2-(4-Methoxyphenyl)sulfonylquinoxaline is a chemical compound that has been shown to exhibit interesting biological activity. It is a derivative of quinoxaline, a heterocyclic compound with a broad range of applications in medicine and materials science.
**Here's what makes it important for research:**
* **Anti-cancer activity:** Studies have shown that 2-(4-methoxyphenyl)sulfonylquinoxaline possesses significant anti-cancer properties. It has demonstrated the ability to inhibit the growth of various cancer cell lines, including those derived from breast, lung, and colon cancers. This makes it a promising candidate for the development of new cancer therapies.
* **Anti-inflammatory properties:** The compound has also been found to exhibit anti-inflammatory activity. It can inhibit the production of pro-inflammatory cytokines, which are molecules that contribute to inflammation in the body.
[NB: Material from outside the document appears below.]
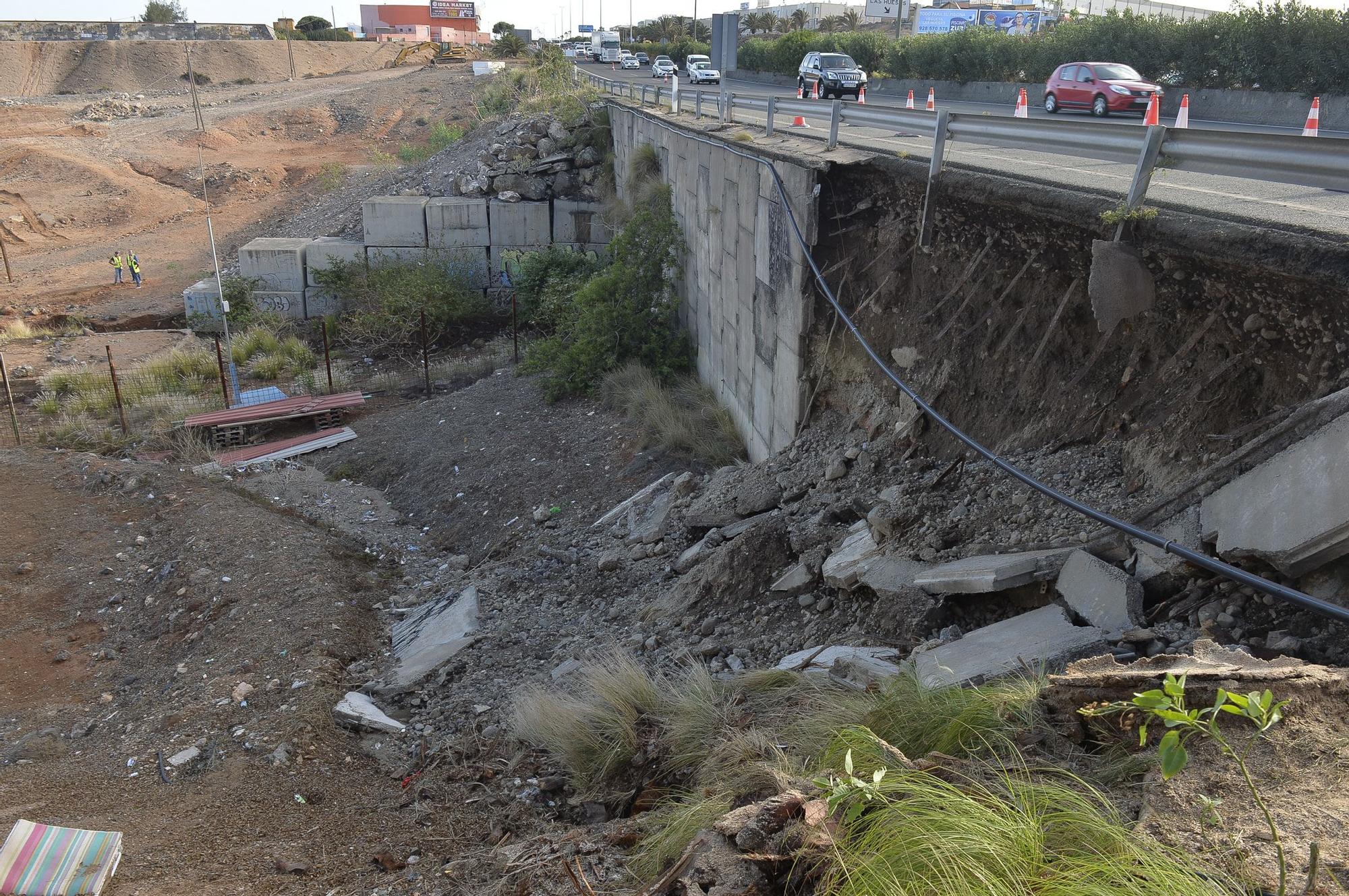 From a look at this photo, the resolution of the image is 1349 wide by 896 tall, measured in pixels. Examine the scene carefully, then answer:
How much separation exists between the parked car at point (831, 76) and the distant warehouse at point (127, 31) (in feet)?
251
This potential application could lead to new treatments for inflammatory diseases like rheumatoid arthritis and inflammatory bowel disease.
* **Modulation of protein function:** 2-(4-methoxyphenyl)sulfonylquinoxaline can interact with specific proteins involved in cell signaling pathways. By altering the activity of these proteins, it can influence various cellular processes, making it a valuable tool for studying the mechanisms of disease and identifying potential drug targets.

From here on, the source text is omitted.